The Joseph Biden administration and his boosters in the liberal media are churning out propaganda claiming prospects for the U.S. capitalist economy have never looked better. They say inflation has been lowered to “acceptable” levels, full employment abounds and the stock market — home of speculation by the rich — is soaring.
“The ‘soft landing’ is in the bag,” former Federal Reserve economist Claudia Sahm boasted to the Washington Post. “Barring any other catastrophe, the economy has done the impossible.”
But for the working class, reality looks quite different as we struggle to make ends meet. The fact is a deepening capitalist economic and social crisis continues for our class, something that official government figures can’t gloss over.
One indication is workers are turning to their unions to fight boss attacks and battle to make up ground our wages have lost to inflation. There are fights over work schedules, to allow time for family, union meetings and recreation, and for dignity on the job. Strikes this year have resulted in the highest number of workday stoppages in 40 years.
The consumer price index over the past 12 months rose 3.1%. But this doesn’t reflect the sharp class divisions between how prices affect the ruling rich and what we face with our rent, groceries, car bills, child care and other necessities.
While the inflation rate has slowed from previous months, prices on many items and services that workers depend on keep rising faster than our wages. Since February 2021 consumer prices have gone up 17%, while workers’ take-home pay declined 4.2%. This is one of the reasons the majority of working people say Biden’s handling of the economy isn’t working for them.
Grocery prices over these three years are up 21%, with some items even higher, including chicken, up 24%, and cereals and baked goods, up 25%. Energy prices are up over 30%. Fertilizers have risen 36%, making it harder for working farmers to meet their costs of production.
In Pennsylvania grocery prices have increased 8.2% over the last year, the largest jump in any state. And prices increased even more in rural areas around the country, places where workers’ average income is lower.
Rents are 22.1% higher than they were four years ago, forcing a growing number of young people to move in with their parents, other relatives or friends. And monthly home mortgage payments have risen over the past two years to 52% higher than the average apartment rent.
Sky-high housing costs have resulted in record-high homelessness. According to the U.S. Department of Housing and Urban Development, more than 653,000 people have found themselves homeless this year, a 12% rise since 2022. These “tallies are widely considered to be undercounts,” admitted the Wall Street Journal.

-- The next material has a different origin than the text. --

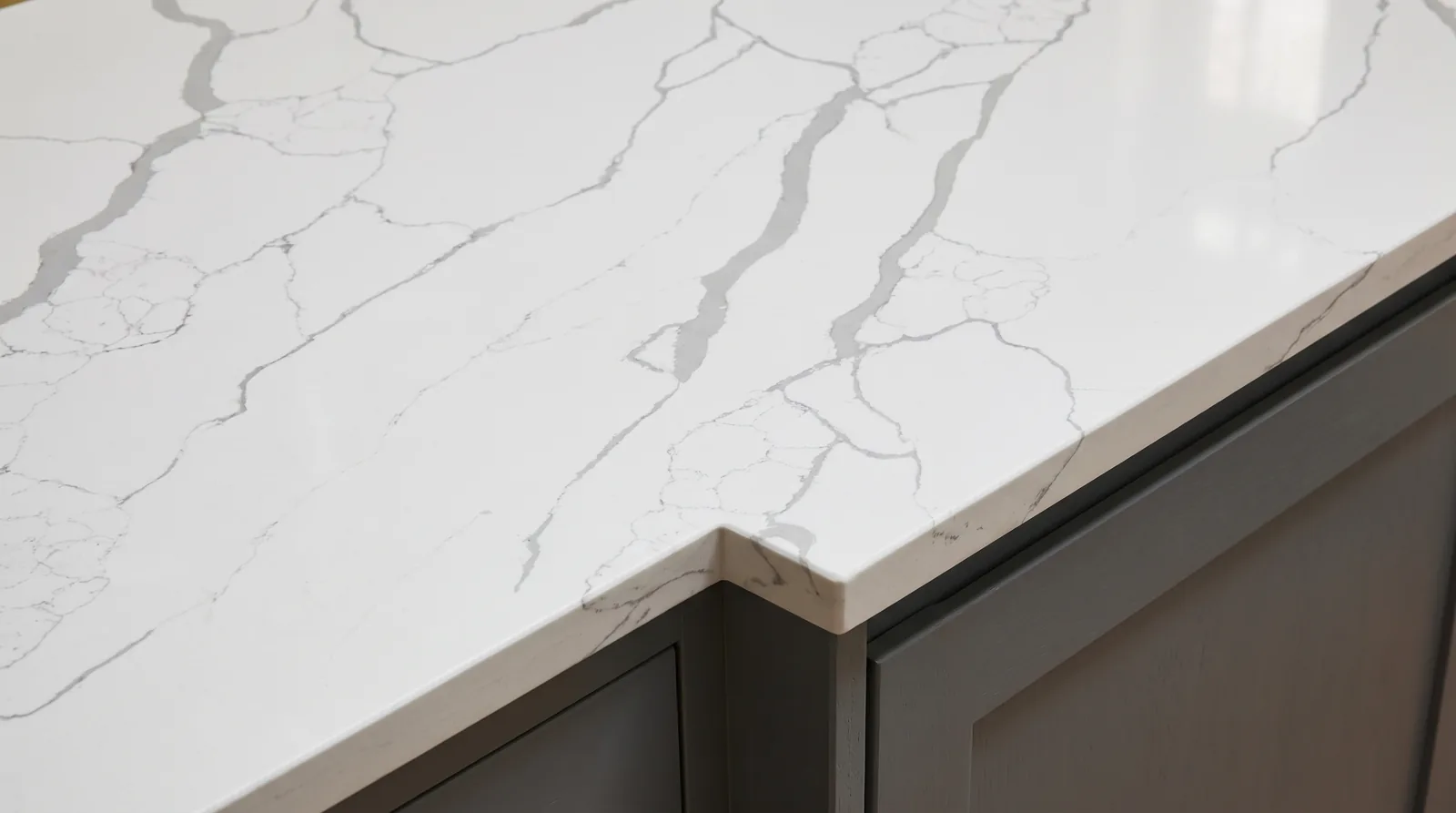 Sydney Grey NobleStone worktop in a close kitchen detail view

Today more than one-quarter of homeless adults are over age 54. The number of homeless families with children rose by 15%.
Hard to find decent jobs
More and more workers find good-paying jobs are hard to come by. Over the past six months most job openings have been in health care, leisure and hospitality, historically lower-paying jobs. Nearly 8.5 million workers say they have had to get two or more jobs to try and cover expenses for themselves and their families. Others try and make it by signing up for all the overtime they can get. And another 4 million have only been able to find part-time jobs.
The boss press started off December by gloating that manufacturing jobs had increased. But this was a lie. What changed was that United Auto Workers union members were back on the job after their hard-fought six-week strike against General Motors, Ford and Stellantis. And some of them were promptly laid off as the bosses tried to make up wage increases by speedup. GM bosses announced they’re cutting 1,300 more jobs at two auto plants in Michigan Jan. 1.
Jobs in manufacturing have continued to decline over the past 13 months. This includes drops in wood products, nondurable goods, and utilities production, as well as in textiles, apparel and leather. Reuters reported Dec. 15 that manufacturing bosses “were not overly optimistic that business conditions would improve over the next six months.”
The percentage of workers over 65 who have to keep working to get by has nearly doubled since the late 1980s. Many see no other choice, with inadequate or no savings or pensions, and paltry monthly Social Security payments that don’t come close to covering their rising housing, food and medical expenses.
Some 20% of workers over 65 had jobs this year, up from 11% in 1987, reported Pew Research Center. Workers 75 and older are now the fastest-growing age group in the workforce. About 9% of adults age 75 and older are employed, compared with 4% in 1987.